Deploy a serverless function that responds to HTTP API requests without provisioning or managing any servers.
Chain multiple functions into a workflow triggered by a message queue event or a scheduled timer.
Run OpenWhisk locally in standalone single-process mode to develop and test functions before deploying to a cluster.
Self-host a full serverless platform on Kubernetes for complete control over infrastructure and data.
Full cluster deployment requires Kubernetes, local standalone mode still requires Docker and Java.
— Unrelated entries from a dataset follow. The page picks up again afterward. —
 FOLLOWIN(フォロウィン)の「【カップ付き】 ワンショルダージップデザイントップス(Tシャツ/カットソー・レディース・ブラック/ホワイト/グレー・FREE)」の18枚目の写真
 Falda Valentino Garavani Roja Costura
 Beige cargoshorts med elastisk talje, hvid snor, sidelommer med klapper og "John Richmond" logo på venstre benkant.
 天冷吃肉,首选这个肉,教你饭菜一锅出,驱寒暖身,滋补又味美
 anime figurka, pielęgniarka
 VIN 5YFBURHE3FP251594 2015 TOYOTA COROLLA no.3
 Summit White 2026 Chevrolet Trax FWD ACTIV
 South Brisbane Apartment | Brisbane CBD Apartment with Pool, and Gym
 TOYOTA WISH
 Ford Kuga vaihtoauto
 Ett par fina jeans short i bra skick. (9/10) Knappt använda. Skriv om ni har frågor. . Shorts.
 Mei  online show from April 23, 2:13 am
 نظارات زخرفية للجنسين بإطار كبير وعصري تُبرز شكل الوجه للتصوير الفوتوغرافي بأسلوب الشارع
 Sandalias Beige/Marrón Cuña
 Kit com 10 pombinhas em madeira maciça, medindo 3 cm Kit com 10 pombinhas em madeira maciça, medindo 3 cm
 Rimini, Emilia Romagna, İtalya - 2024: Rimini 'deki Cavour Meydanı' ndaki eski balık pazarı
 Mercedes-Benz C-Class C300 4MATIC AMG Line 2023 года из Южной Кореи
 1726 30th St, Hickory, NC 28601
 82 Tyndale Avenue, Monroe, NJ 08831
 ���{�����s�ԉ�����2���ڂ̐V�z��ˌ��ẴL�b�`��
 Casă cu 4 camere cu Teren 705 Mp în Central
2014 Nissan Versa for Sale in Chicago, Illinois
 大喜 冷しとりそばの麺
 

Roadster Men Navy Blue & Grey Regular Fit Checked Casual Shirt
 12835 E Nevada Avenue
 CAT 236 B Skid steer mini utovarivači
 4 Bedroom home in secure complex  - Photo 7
Apache OpenWhisk is an open source platform for running serverless functions. Serverless means you write small pieces of code called functions, and the platform handles all the infrastructure work of running them, such as deciding when to start a server, scaling up under load, and shutting things down when they are not needed. You do not manage servers directly. With OpenWhisk, you can write functions in multiple programming languages and deploy them to respond to events. An event might be an HTTP request arriving at an API endpoint, a message from a queue, a scheduled timer, or many other triggers. You can chain functions together into workflows and set up rules that connect events to specific functions. You can run OpenWhisk on your own machine for development using a standalone mode that starts as a single Java process, with functions running inside Docker containers. A browser-based playground starts automatically and lets you write and test functions without any additional setup. For larger deployments, OpenWhisk can run on Kubernetes, either on a managed cloud service or on hardware you control. The project is part of the Apache Software Foundation and is licensed under Apache 2.0. The codebase is split across multiple repositories covering different components, such as the core platform, language runtimes, and deployment tools. In late 2025 the project migrated from one internal framework to another called Apache Pekko, which is a breaking change that requires redeploying clusters rather than upgrading in place. Community support is available through GitHub issues and a public Slack workspace.